In this article we want to show you how to use the different Alteryx join tools in order to analyse your data and obtain great insights. In this case we have data regarding customers and their purchases. In order to make interesting analysis, we have to join both files. This will allow us to estimate in a next article the market share of a company in different regions and its local performance.
Customer and purchase data are loaded, let’s get started!
Before joining both lists, we want to be sure that the customers in the customer file are unique. To check this, we use the unique tool to verify the customer ID. This makes it possible to easily remove doubles. We do not place a unique after the purchase table because one client can make multiple purchases.
To join our lists we use a “classic” join tool and we connect the customer table to the “Left input” anchor and the purchase table to the “Right input” anchor. Then, we select one or multiple fields on which we want to join the data. This will only work if the fields are present in both inputs, but they do not have to be named the same way.

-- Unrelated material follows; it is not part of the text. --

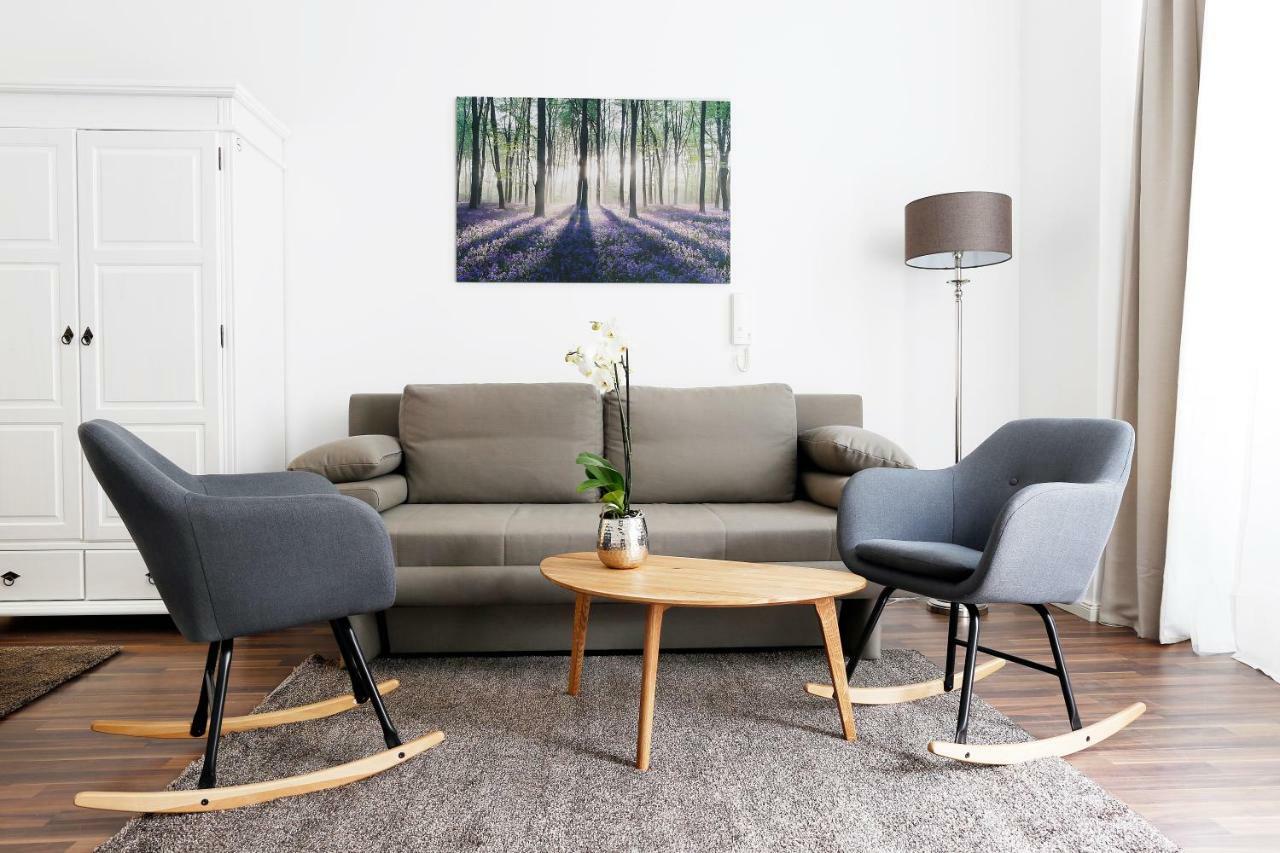 Droy By Rockchair Apartments L Superhost Status L 2 Bedroom Boxspringbeds Next To Center "Kurfuerstendamm" - Cozy Family & Business Flair Welcomes You! Берлин Екстериор снимка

When joining fields, they must have the same general type (string, date/time or numeric), otherwise the process will result in an error message. This avoids any irrelevant and potentially risky matching between data sources.
As you can see, not all the entries of both inputs are systematically matched. This is one of the huge advantages of the Alteryx Join tool. All entries are traced and none are lost silently.
- Behind the middle output we find our new list of customers and expenses.
- Entries in the left output are customers that did not match with the purchases list. These are probably customers who did not purchase anything in the observed period of time.
- The entries in the right output are purchases that did not match with any customer. We might have a data quality problem here!
If we look closer, we observe that before 2017 the customer ID was miscoded in the list of purchases (the “ID” characters in the two first positions are missing).
We can now correct the format of the customer ID and join these entries again to the customer list.
We use a union tool to combine the output of the two join tools. The union tool with the option “Auto config by name” takes two or more tables with the same fields and combines them vertically based on field names.
In this use case we have joined a file with customer information and purchases data. You have seen that the join tool is an intuitive, versatile and efficient way to blend, control and correct your data in a reproducible way.
The outcome is a new table with all information in which we are now able to, for example, aggregate all spending by postal code. By comparing these to the market potential we would obtain a view of the local performance. But this will be a topic for a next article.